Our Love & Desires Our Cravings for Security

It is so painful to watch the video clip at  PSY343 class this morning, reflecting upon what I have read about Attachment Theory and what I have seen in clinical settings these days,  i finally got to the point:
All the human desires…say, power, money and sex…are all illusions…they are just metaphors or substitutes for our needs for security….from our cradle to our grave…Same with all the relationships in the name of love, either to a particular person, a particular pet or a particular benign object….
However, if you say you do not care about anything listed above, then MAN,  I’ll tell you that NOTHING in this world can comfort you and you should go directly to the HELL….
My guess for people with severe depression is that they can no longer find any source of comfort for their insecurity upon living in this world …what makes a life gray but also bloody is not this person’s  tiredness of living, but rather, after immersing themselves in long-term distress, they come to lose their ability to love and to desire and worse still, they  go on losing their ability to even sense the love and the desires, and finally, they reject all the love and desires and deny the worth of any of them.. such a progress can be precipitated, especially, after a long yet repeatedly-failed struggles for both of them …our cravings for security, as can be seen from a life bearing all sorts of human relationships, even he or she is just a very young kid…

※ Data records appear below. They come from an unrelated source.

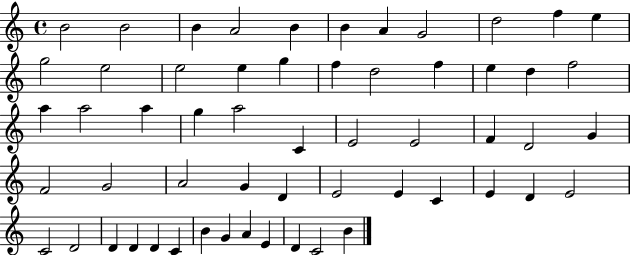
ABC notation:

X:1
T:Untitled
M:4/4
L:1/4
K:C
B2 B2 B A2 B B A G2 d2 f e g2 e2 e2 e g f d2 f e d f2 a a2 a g a2 C E2 E2 F D2 G F2 G2 A2 G D E2 E C E D E2 C2 D2 D D D C B G A E D C2 B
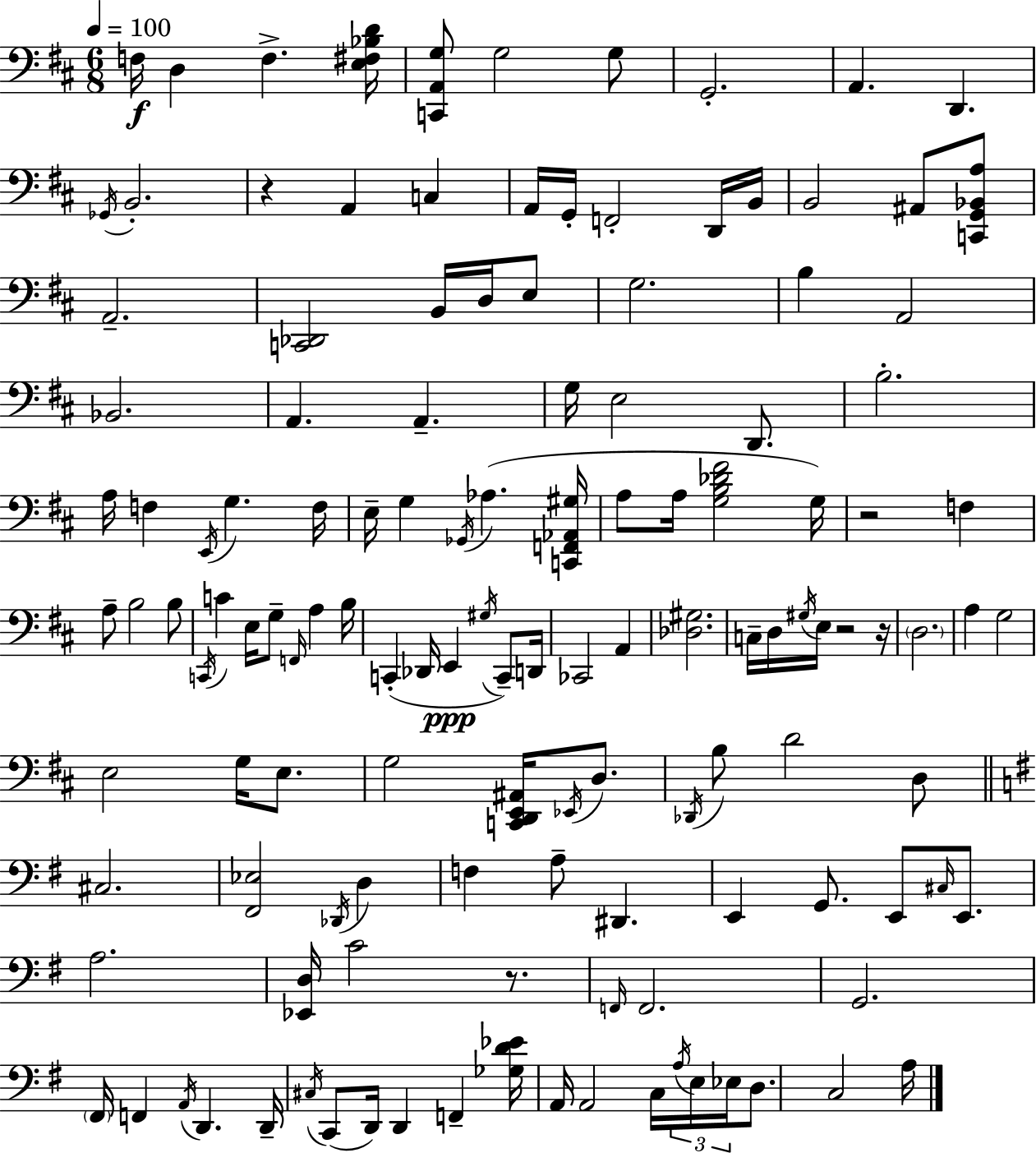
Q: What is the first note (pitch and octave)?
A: F3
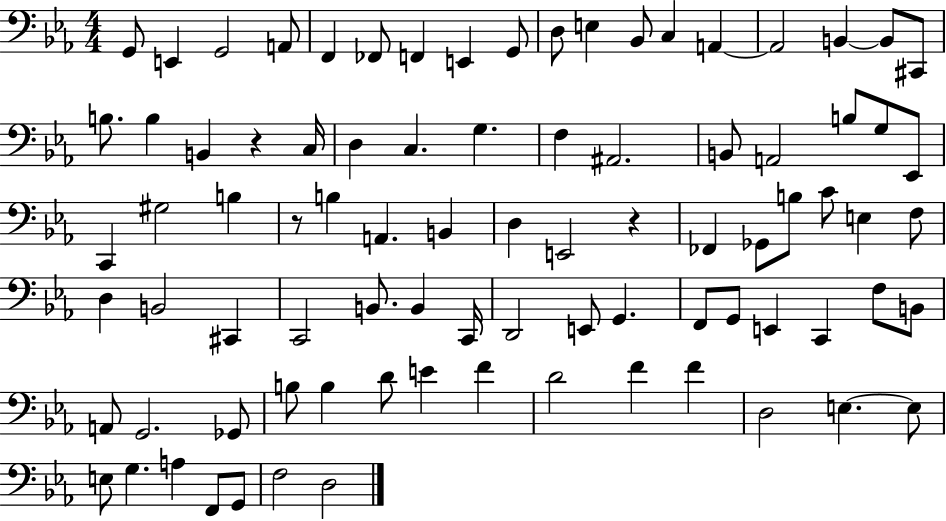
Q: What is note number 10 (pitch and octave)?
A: D3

The name of this emotional video is John, Aged Seventeen Months, For Nine Days in a Residential Nursery, from Young Children in Brief Separation Series in 1960s.
Here is a summary for John’s  case:

JOHN is a loved child who has never been out of his mother’s care. At 17 months he is admitted to a group of toddlers in a residential nursery while his mother is in hospital to have a second child.  The nurses are young and friendly, but the system of group care does not allow any one of them to substitute for the absent mother. John tries hard to make a relationship to get the comfort he needs, but he is defeated and becomes increasingly distressed.

The cheerful young nurses are habituated to sporadic crying, and as they are not assigned to the care of individual children the severity of John’s distress is not recognised until a late stage; even then, the work-system prevents the child’s need of substitute mothering from being met.  When on the ninth day John’s mother comes to take him home, he will not accept her and struggles to get out of her arms.  He looks at his mother in a way she has never seen before.

My final marks are::

Nothing can comfort the loss of a young kid in separation if it occurred at a critical time during his/herdevelopment.
The busiest person in this world is a kid around 1 or 2-year-old.
What a kid can understand about us is far more than what we can understand about him/her.
It is never too young to sense the emotional pain as a little human being.
A 1-year-old kid is non-verbal yet he is NOT non-sensible.
NEVER neglect a kid when he or she show strong emotional needs from you! It can be a most vicious SIN whether or not you do it on purpose!!!